Written by Jim the Realtor

January 8, 2017

Food for thought – he doesn’t get into the benefits of raising kids in the same home, which probably warrants a paragraph or two – see comment section too:

http://www.nytimes.com/2017/01/06/opinion/the-home-buying-decision.html

I’ve been thinking about the big decisions in life: How do people choose careers, colleges, spouses and towns. Of those decisions, buying a home ranks with the most difficult.

It is difficult emotionally. Like a lot of the biggest decisions, it is more emotional than coldly rational. People generally don’t select a house; they fall in love with it.

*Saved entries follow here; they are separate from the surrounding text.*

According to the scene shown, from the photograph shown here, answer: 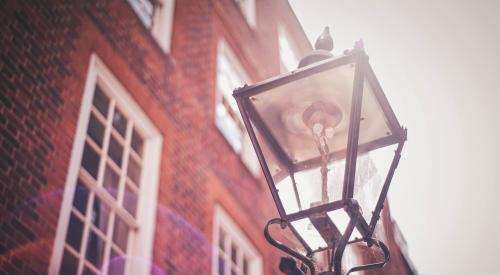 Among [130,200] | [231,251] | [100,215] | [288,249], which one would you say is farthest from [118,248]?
[288,249]

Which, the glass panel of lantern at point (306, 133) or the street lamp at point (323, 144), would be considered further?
the glass panel of lantern at point (306, 133)

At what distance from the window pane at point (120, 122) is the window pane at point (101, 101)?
0.63 feet

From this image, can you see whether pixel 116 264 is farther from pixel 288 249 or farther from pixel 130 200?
pixel 288 249

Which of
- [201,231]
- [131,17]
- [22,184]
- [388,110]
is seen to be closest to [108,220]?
[22,184]

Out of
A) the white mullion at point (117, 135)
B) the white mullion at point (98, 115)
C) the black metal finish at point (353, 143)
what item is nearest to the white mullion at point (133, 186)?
the white mullion at point (117, 135)

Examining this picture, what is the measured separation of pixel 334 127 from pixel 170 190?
14.0ft

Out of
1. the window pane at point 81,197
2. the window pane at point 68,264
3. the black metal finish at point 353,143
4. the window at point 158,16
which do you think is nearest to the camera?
the black metal finish at point 353,143

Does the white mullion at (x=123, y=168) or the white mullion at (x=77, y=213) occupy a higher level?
the white mullion at (x=123, y=168)

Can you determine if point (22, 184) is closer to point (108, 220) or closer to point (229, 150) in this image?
point (108, 220)

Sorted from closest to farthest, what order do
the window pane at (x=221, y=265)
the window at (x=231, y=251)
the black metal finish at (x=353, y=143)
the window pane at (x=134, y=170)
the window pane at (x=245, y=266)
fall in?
the black metal finish at (x=353, y=143) → the window pane at (x=134, y=170) → the window pane at (x=221, y=265) → the window at (x=231, y=251) → the window pane at (x=245, y=266)

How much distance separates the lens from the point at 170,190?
6570mm

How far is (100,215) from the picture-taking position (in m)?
5.22

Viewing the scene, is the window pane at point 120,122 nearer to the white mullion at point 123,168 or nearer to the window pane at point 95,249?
the white mullion at point 123,168

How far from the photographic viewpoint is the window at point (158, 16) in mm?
8281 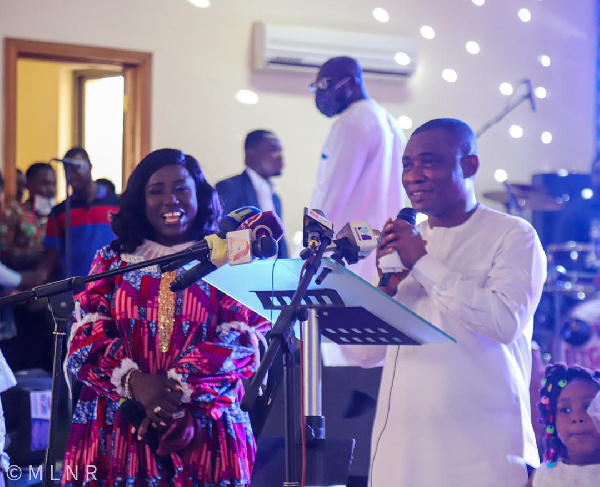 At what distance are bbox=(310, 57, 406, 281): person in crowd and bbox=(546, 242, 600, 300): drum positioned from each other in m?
2.93

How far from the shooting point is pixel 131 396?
8.16ft

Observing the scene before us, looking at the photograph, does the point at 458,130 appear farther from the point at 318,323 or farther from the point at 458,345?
the point at 318,323

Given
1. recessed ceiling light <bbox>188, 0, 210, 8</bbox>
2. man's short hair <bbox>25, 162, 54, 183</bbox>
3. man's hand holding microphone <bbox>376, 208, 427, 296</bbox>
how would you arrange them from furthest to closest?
recessed ceiling light <bbox>188, 0, 210, 8</bbox>
man's short hair <bbox>25, 162, 54, 183</bbox>
man's hand holding microphone <bbox>376, 208, 427, 296</bbox>

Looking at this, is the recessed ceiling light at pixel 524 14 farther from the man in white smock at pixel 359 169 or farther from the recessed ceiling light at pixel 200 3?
the man in white smock at pixel 359 169

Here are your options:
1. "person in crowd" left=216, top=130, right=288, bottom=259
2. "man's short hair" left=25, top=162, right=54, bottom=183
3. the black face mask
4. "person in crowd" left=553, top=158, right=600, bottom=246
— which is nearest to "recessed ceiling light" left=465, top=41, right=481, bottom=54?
"person in crowd" left=553, top=158, right=600, bottom=246

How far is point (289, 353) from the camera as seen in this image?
175 cm

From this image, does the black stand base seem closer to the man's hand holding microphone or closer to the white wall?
the man's hand holding microphone

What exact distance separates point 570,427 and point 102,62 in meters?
5.10

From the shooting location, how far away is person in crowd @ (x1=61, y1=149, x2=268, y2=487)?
98.1 inches

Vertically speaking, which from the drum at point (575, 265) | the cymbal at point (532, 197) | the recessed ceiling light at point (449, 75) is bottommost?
the drum at point (575, 265)

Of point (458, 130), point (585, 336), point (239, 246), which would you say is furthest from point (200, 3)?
point (239, 246)

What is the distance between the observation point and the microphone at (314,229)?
1857 mm

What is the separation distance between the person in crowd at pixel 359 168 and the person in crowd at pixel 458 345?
1978mm

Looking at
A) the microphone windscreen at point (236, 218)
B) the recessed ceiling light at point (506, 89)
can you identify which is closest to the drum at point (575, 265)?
the recessed ceiling light at point (506, 89) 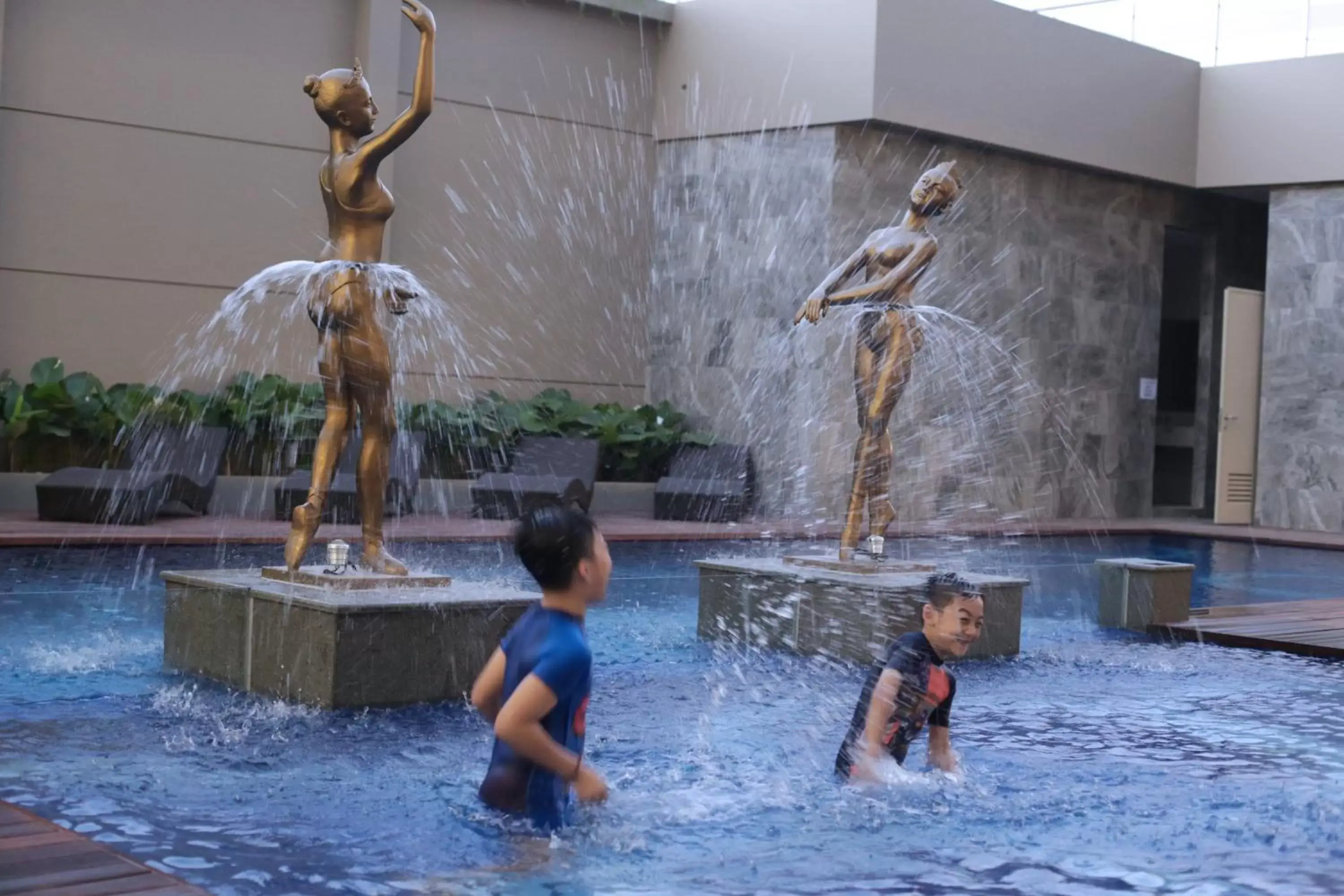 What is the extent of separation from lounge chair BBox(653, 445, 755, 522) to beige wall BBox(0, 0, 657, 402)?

Part of that falling-in-love process is aesthetic: the sense you get within 10 seconds of walking into a place that it just feels happy and right. Part is aspirational: When people fall in love with a house, they aren’t really falling in love with the walls and the roof; they are falling in love with a beautiful vision of their future lives.

Read full article here:

http://www.nytimes.com/2017/01/06/opinion/the-home-buying-decision.html

2 Comments

  1. Susie

    “When people fall in love with a house, they aren’t really falling in love with the walls and the roof; they are falling in love with a beautiful vision of their future lives.”

    They are falling in love with the thought of their life unfolding within those walls and with that roof (and that location). If they have a family, they see their kids growing up in that space for at least a certain amount of time.

    ^ That’s my two cents because every house I owned I fell in love with within the first 15 seconds. We built two homes–one in Hawaii–and later, another home in Bend, OR, but even as we built them, I held that future vision of my family there…

  2. Daytrip

    There’s sometimes a dark side to buying high end homes.

    When I was a kid, my parents built a middle-class home they could easily afford. They later built two vacation homes in Lake Arrowhead, hired a German architect who did an amazing job, had a dock with a ski boat, dirt bikes, sail boats, etc. We’d spend all summer up there. We also rarely ate meals at home. Always went to resturants, since nobody liked to cook.
    Most of my friends lived in upper-middle class, to rich areas, and none had anything else, never took any vacations. The were house poor, and their kids paid for it, because they were perpetually broke. My friends marveled at the excess cash we had, vacations we’d take, cars we drove, while they were broke, and their families were stressed about cash flow all the time. We never worried.
    I recall a friend once asking me,”how come your parents live in a middle-class neighborhood, but always drive a luxury car?” I countered, “How come your parents live in a rich neighborhood, but always drive a piece of sh*t?”